New Year’s day and the day after we ate the osechi along with ozoni, soup broth with pieces of mochi melting deliciously in it, drank sake, visited with neighbors and talked about what we wanted to accomplish in the  coming year. I retraced my journey back to Kyoto and on the Shinkansen to Tokyo, standing all the way because the trains were packed with people returning from their home towns.

I was to visit Kiyoku and Tim and the people of their village several times later on, even helping with a traditional rice harvest. I’m thankful that they welcomed me into their home and into their lives. They shared with me  a vivid experience of Japanese village life which more than thirty years later, I cherish still.
–Gary Alinder, December 28, 2009


Above: A later photo of Kiyoko, Tim and baby in a field of buckwheat. Right:  me participating in a rice harvest at their farm, 1978 (rice-drying racks in background).
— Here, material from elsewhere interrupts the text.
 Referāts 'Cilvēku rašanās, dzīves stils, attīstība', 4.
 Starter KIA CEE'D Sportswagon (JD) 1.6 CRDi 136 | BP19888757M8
Afterword: You can find mochi in most Japanese supermarkets, but it’s likely to be made with rice flour rather than whole grain rice, and to my taste, to be overly sweet.  You’ll find better quality  mochi in the refrigerator case of your natural foods store.  The Asian Art Museum of San Francisco sponsors a Buddhist bell ringing every New Year’s Eve, and later in January, a mochi-making event.